» Exercise prompt
Please repeat each line from the one holding "Beko wmb61431 wasmachine" through the final line of the data, exactly as it stands, with no pictures.

» Dataset extract
======
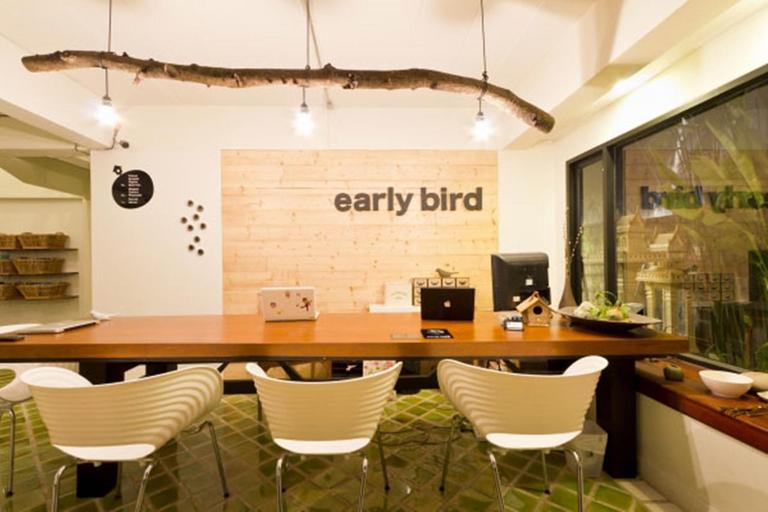Public Area, Early Bird Bed & Breakfast - Adults Only, Muang Chiang Mai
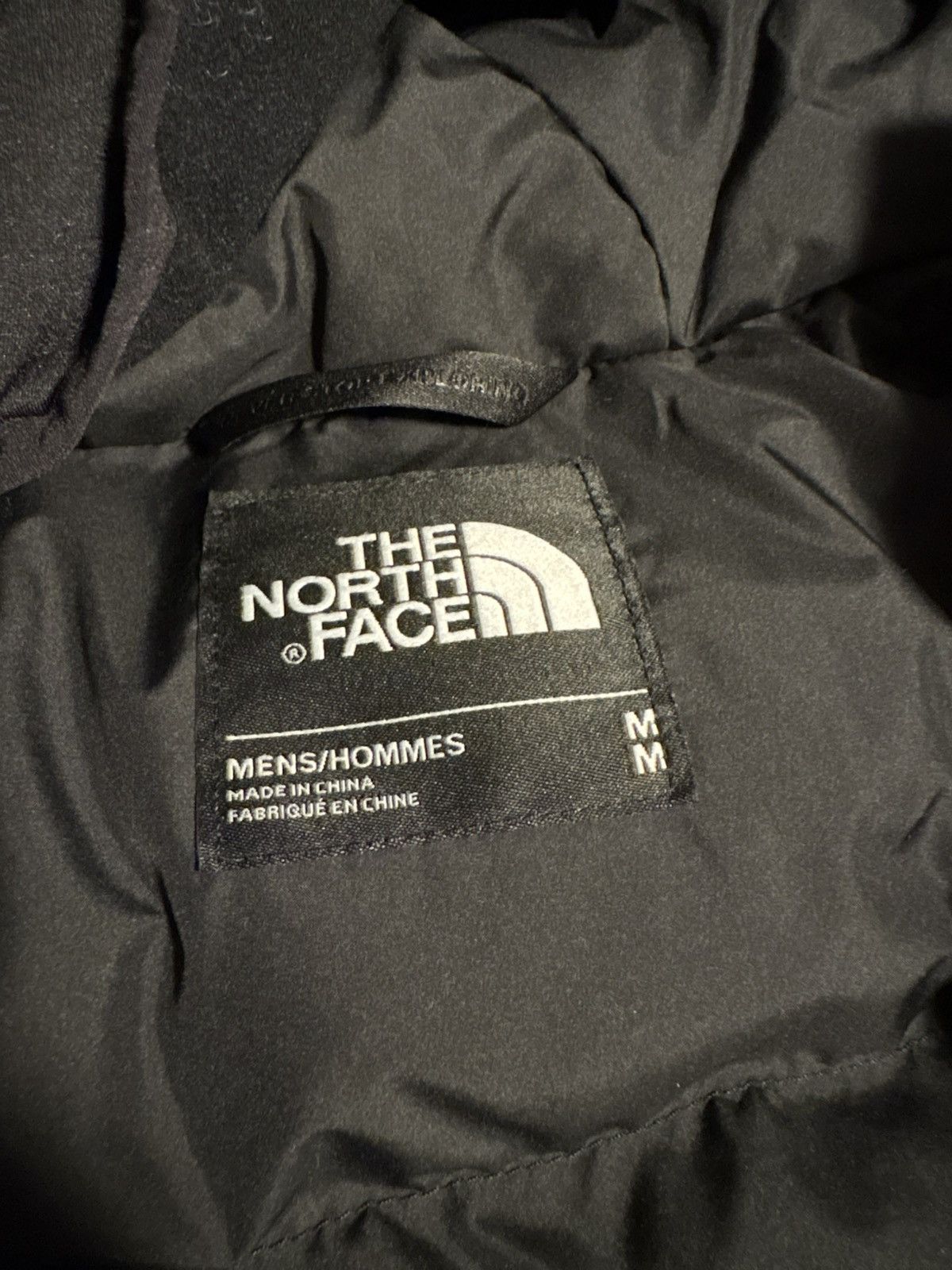 The North Face Fur Lined Red North Face Jacket Size US M / EU 48-50 / 2 - 3 Thumbnail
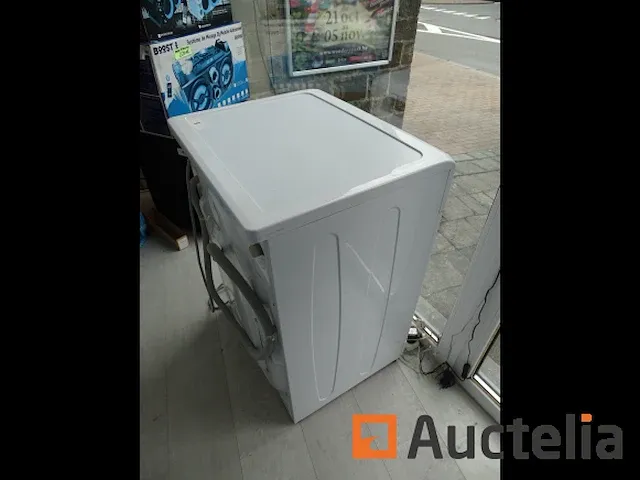 Beko wmb61431 wasmachine - afbeelding 2 van  7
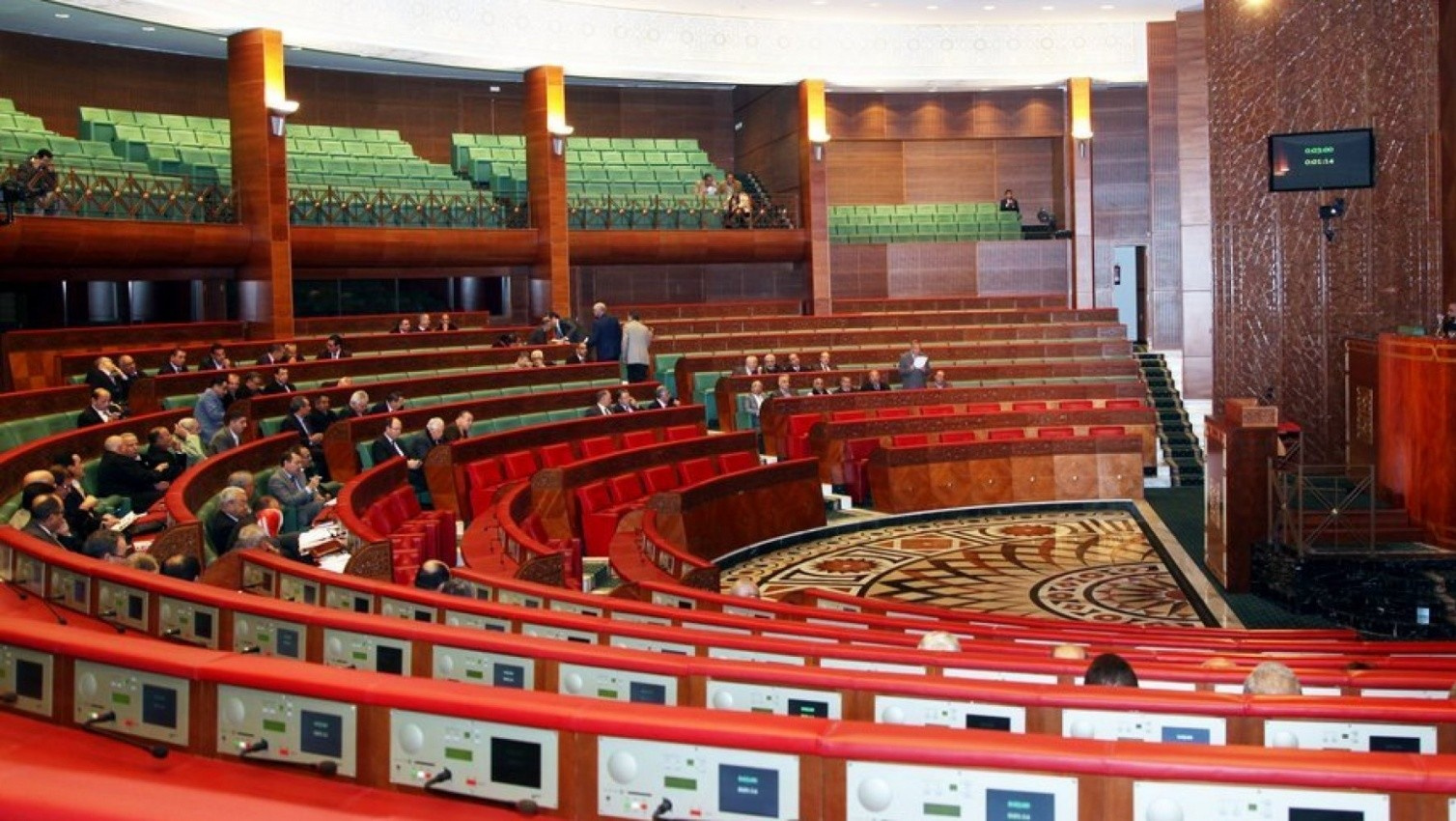 Chambre des Conseillers : Clôture de la 2ème session de l'année législative 2021-2022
======
» Written response
 Beko wmb61431 wasmachine - afbeelding 2 van  7
 Chambre des Conseillers : Clôture de la 2ème session de l'année législative 2021-2022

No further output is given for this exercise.